Recursion’s BioHive-2, Powered by NVIDIA GPUs, Joins World’s Top 35 Supercomputers
NVIDIA has expanded its partnership with clinical-stage biotech startup Recursion, utilising its AI supercomputer, BioHive-2, to expedite pharmaceutical research and development.
BioHive-2 integrates 504 NVIDIA H100 Tensor Core GPUs within an NVIDIA Quantum-2 InfiniBand network, achieving a staggering two exaflops of AI performance. This system is nearly five times faster than the initial BioHive-1, facilitating more efficient processing of complex biological data. The resulting NVIDIA DGX SuperPOD is nearly five times faster than Recursion’s first-generation system, BioHive-1.
Positioned at Recursion’s headquarters in Salt Lake City, BioHive-2 now ranks 35th on the Top 500 list of the world’s fastest supercomputers, marking a significant leap from its predecessor.
“Just as with large language models, we see AI models in the biology domain improve performance substantially as we scale our training with more data and compute horsepower, which ultimately leads to greater impacts on patients’ lives,” said Recursion’s CTO, Ben Mabey.
The power of BioHive-2 allows Recursion’s scientists to conduct AI-driven experiments, greatly reducing the dependency on traditional wet-lab research. By incorporating AI into workflows, the team can achieve approximately 80% of the outcomes with only 40% of the hands-on lab work.
Under the Hood
Founded in 2013 by Christopher Gibson, Recursion integrates experimental biology, bioinformatics, and artificial intelligence on a combined lab-to-cloud platform. This approach enables the identification of disease treatments that can be modelled using cellular data.
Its collaboration with global biopharma leaders, including Bayer AG, Roche, and Genentech, is supported by a vast database exceeding 50 petabytes of biological, chemical, and patient data. This repository not only enhances the training of its AI models but also speeds up the discovery and optimisation of new drugs.
One of its notable achievements includes the Phenom family of foundation models, which transforms microscopic cellular images into data models, streamlining the understanding of underlying biological processes.

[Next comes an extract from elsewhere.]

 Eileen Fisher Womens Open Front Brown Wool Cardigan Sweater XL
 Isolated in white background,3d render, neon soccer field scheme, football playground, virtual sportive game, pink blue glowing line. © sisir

Phenom models, for example, assist in discovering and improving treatments for diseases and cancers, with previous models accurately predicting COVID-19 drug candidates.
The partnership initiated in July between NVIDIA and Recursion quickly demonstrated its value.
In less than a month, using BioHive-1 and NVIDIA DGX Cloud, they analysed a vast chemical library to predict protein targets for billions of chemical compounds. Its innovations include LOWE, an AI workflow engine with a natural-language interface designed to make scientific tools more accessible, and a billion-parameter AI model built to predict molecular properties crucial in healthcare.
The shared vision between NVIDIA and Recursion emphasises AI’s transformative potential in simulating and understanding complex biological structures.